Records from a data collection
┄┄┄┄┄┄┄┄┄┄

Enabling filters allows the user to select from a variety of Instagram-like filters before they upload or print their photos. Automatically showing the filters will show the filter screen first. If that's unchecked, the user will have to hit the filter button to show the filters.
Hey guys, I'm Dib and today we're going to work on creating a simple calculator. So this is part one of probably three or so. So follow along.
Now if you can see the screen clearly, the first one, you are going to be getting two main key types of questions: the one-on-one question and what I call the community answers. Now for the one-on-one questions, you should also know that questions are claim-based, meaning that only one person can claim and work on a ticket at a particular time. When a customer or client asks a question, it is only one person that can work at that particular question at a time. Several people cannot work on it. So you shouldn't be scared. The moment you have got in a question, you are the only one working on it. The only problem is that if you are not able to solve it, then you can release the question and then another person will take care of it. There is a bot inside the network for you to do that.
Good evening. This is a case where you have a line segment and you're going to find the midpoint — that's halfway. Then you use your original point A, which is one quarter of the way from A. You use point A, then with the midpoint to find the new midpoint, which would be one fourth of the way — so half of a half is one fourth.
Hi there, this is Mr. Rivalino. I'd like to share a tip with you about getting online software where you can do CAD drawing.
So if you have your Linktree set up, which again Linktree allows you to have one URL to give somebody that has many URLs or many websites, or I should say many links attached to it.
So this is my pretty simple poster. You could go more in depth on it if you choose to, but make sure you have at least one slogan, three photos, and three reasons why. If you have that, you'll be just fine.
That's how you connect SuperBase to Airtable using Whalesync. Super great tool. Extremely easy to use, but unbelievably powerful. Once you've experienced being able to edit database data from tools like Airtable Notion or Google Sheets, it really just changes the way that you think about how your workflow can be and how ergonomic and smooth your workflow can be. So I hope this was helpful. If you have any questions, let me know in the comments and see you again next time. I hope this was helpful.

┄┄┄┄┄┄┄┄┄┄

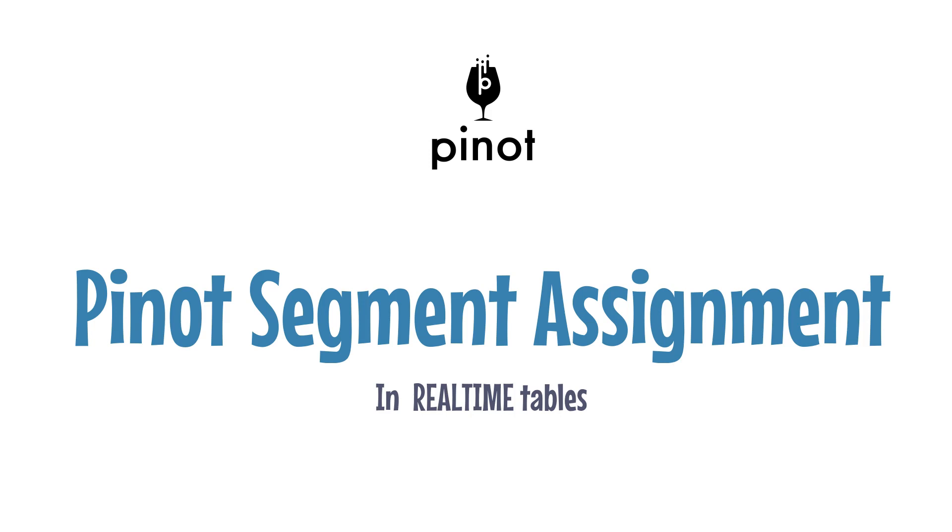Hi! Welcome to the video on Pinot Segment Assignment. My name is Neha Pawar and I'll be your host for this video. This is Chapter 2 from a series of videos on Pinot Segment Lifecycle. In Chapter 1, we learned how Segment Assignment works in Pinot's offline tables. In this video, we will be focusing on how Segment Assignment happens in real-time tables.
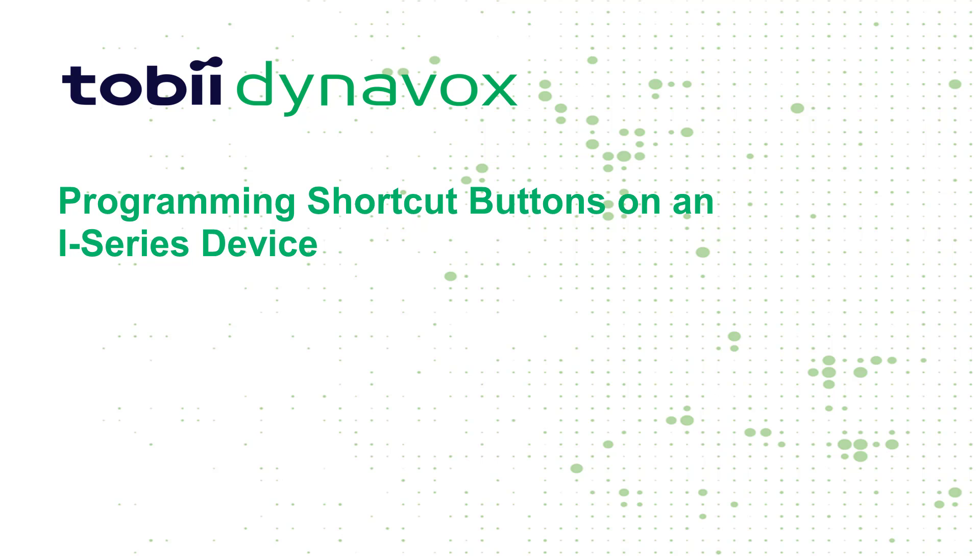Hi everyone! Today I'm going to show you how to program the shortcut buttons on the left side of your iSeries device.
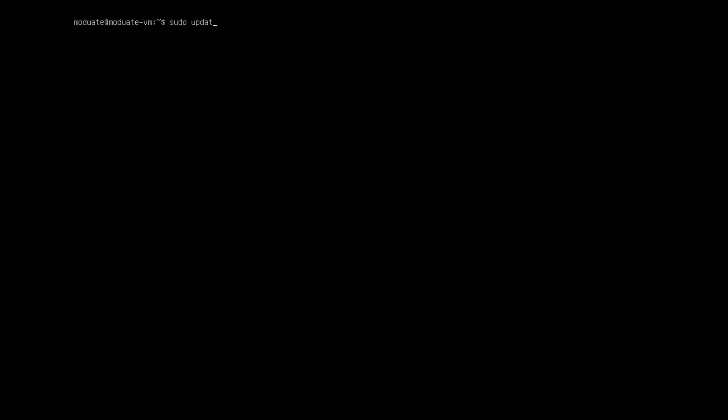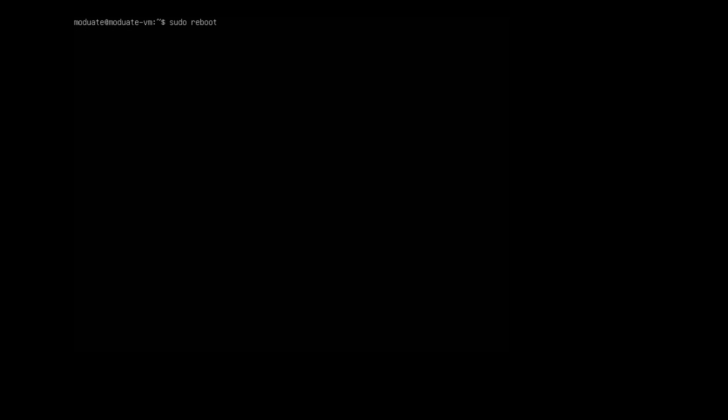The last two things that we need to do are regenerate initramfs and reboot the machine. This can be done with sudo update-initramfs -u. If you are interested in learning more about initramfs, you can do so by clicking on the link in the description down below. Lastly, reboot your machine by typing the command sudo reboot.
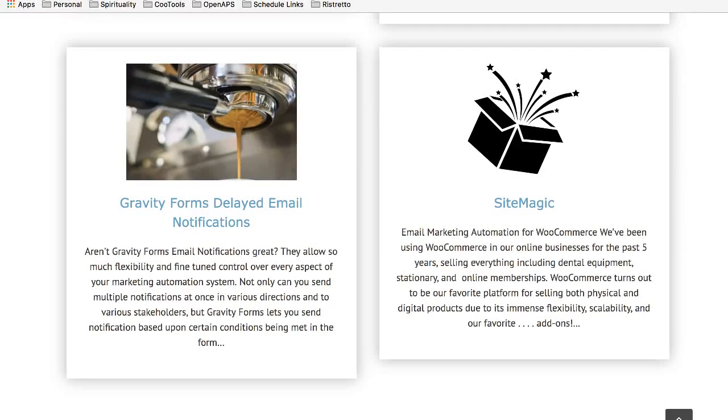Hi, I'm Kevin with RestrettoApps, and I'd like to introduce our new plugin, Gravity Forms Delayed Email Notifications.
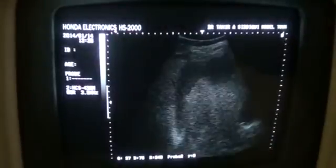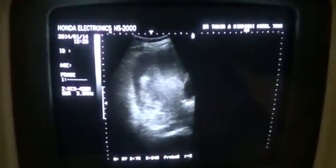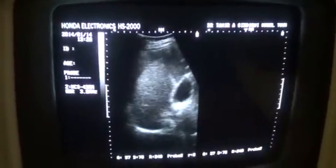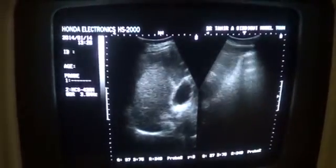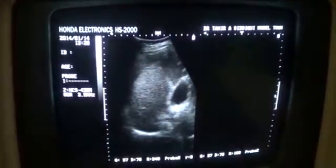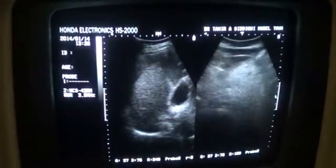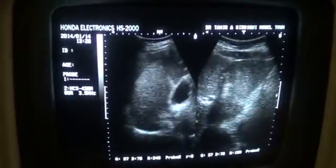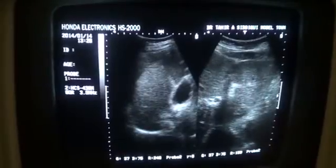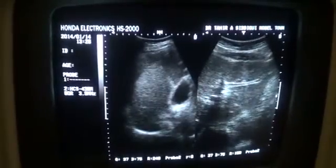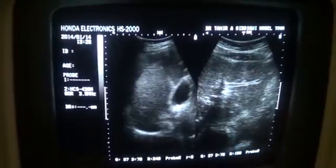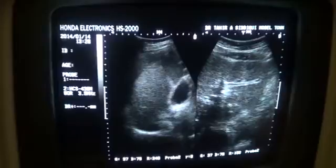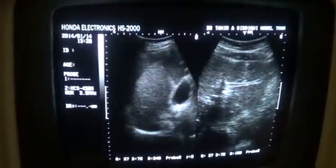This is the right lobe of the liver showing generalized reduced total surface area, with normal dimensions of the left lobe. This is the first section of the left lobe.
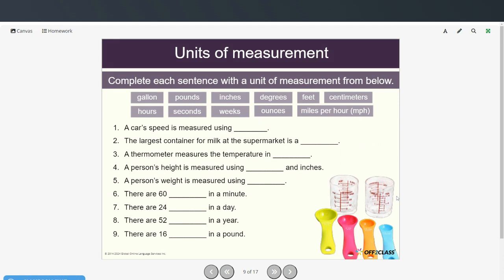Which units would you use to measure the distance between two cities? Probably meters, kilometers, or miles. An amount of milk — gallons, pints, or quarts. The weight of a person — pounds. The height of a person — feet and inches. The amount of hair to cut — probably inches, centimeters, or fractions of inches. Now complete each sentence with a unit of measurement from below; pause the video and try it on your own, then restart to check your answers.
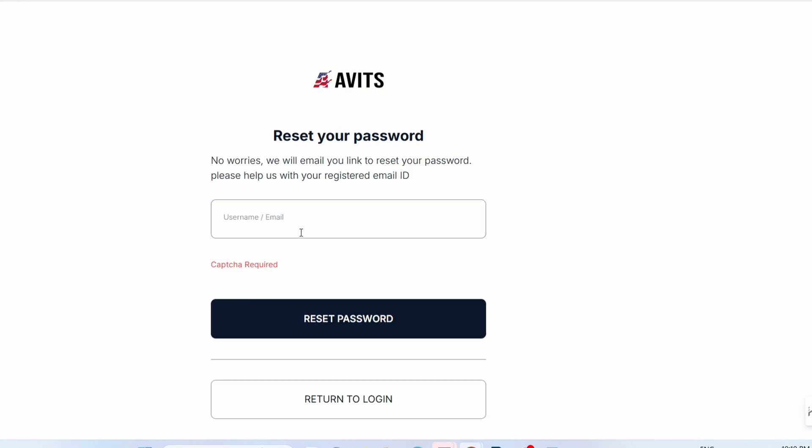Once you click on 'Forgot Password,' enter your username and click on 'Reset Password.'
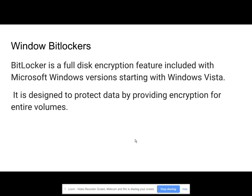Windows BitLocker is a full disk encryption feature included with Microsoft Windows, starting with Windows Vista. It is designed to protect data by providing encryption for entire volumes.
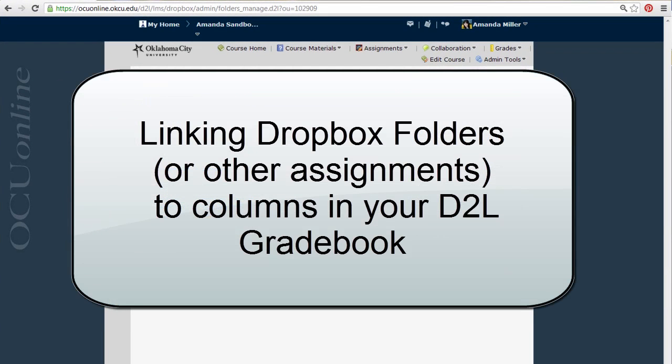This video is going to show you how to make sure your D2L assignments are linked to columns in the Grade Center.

┄┄┄┄┄┄┄┄┄┄

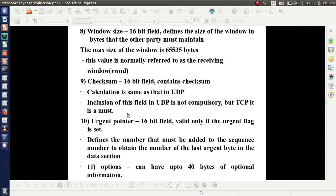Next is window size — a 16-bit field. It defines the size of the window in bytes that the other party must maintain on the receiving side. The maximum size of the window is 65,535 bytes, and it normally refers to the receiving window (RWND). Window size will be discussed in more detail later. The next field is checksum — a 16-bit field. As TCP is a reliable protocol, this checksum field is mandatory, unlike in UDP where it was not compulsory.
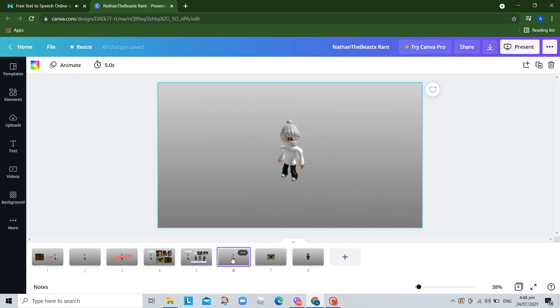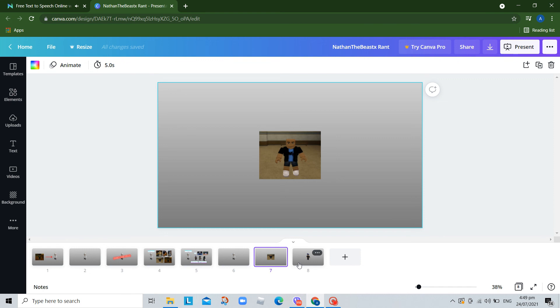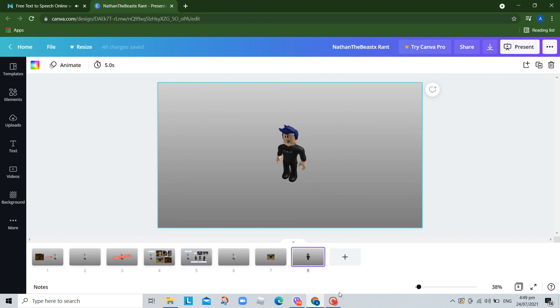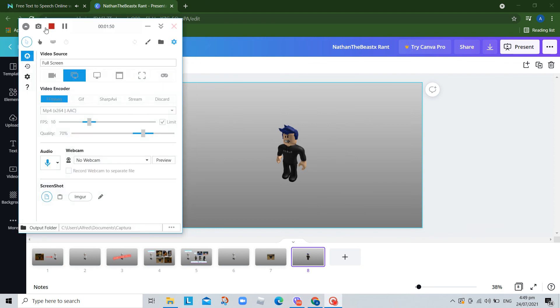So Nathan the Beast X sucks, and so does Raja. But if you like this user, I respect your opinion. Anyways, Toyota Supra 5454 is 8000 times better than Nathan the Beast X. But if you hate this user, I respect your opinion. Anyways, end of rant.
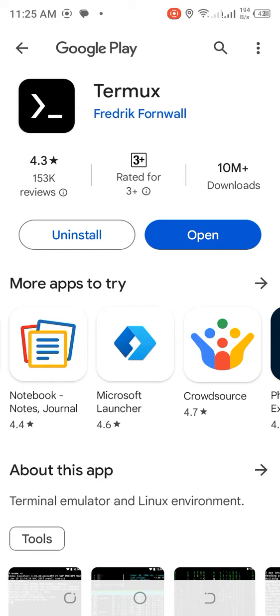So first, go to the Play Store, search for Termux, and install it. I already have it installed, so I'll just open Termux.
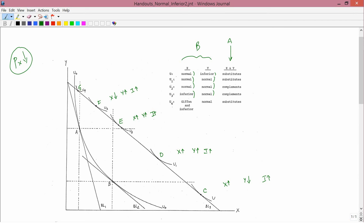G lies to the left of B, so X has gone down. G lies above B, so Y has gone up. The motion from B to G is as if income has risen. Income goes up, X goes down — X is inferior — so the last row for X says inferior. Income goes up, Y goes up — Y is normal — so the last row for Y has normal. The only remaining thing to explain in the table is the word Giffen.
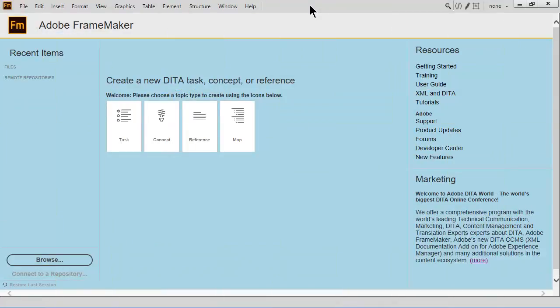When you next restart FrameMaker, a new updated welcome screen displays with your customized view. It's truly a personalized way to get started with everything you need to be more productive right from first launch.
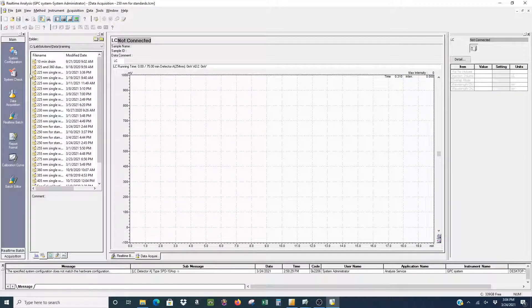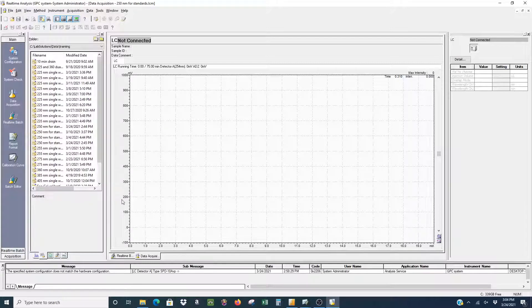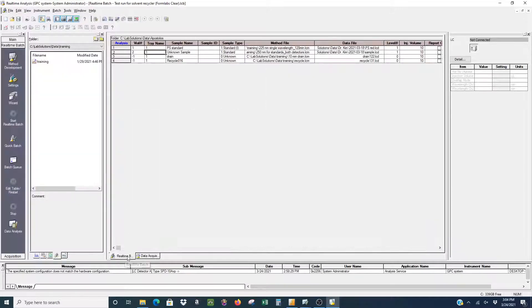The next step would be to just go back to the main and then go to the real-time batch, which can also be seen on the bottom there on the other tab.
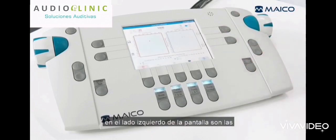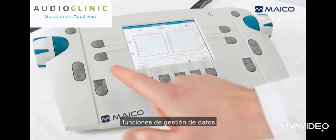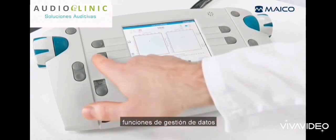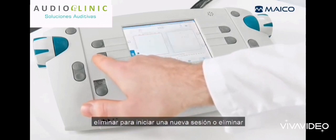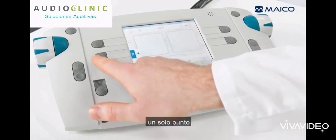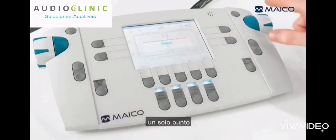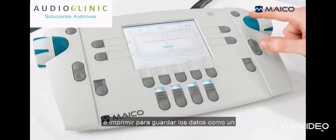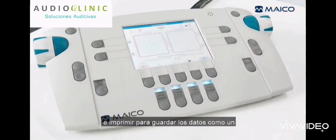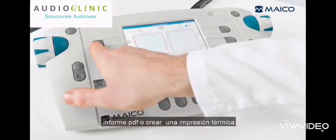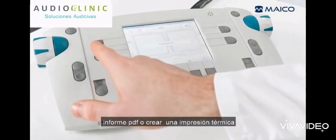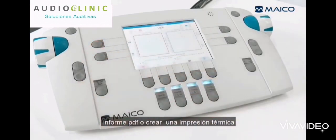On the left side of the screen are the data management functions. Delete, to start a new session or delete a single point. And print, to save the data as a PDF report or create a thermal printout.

┄┄┄┄┄┄┄┄┄┄

WORK ITEM
Show all lines from the entries that hold "should".

EXERCISE ANSWER
Now if you can see the screen clearly, the first one, you are going to be getting two main key types of questions: the one-on-one question and what I call the community answers. Now for the one-on-one questions, you should also know that questions are claim-based, meaning that only one person can claim and work on a ticket at a particular time. When a customer or client asks a question, it is only one person that can work at that particular question at a time. Several people cannot work on it. So you shouldn't be scared. The moment you have got in a question, you are the only one working on it. The only problem is that if you are not able to solve it, then you can release the question and then another person will take care of it. There is a bot inside the network for you to do that.
So if you have your Linktree set up, which again Linktree allows you to have one URL to give somebody that has many URLs or many websites, or I should say many links attached to it.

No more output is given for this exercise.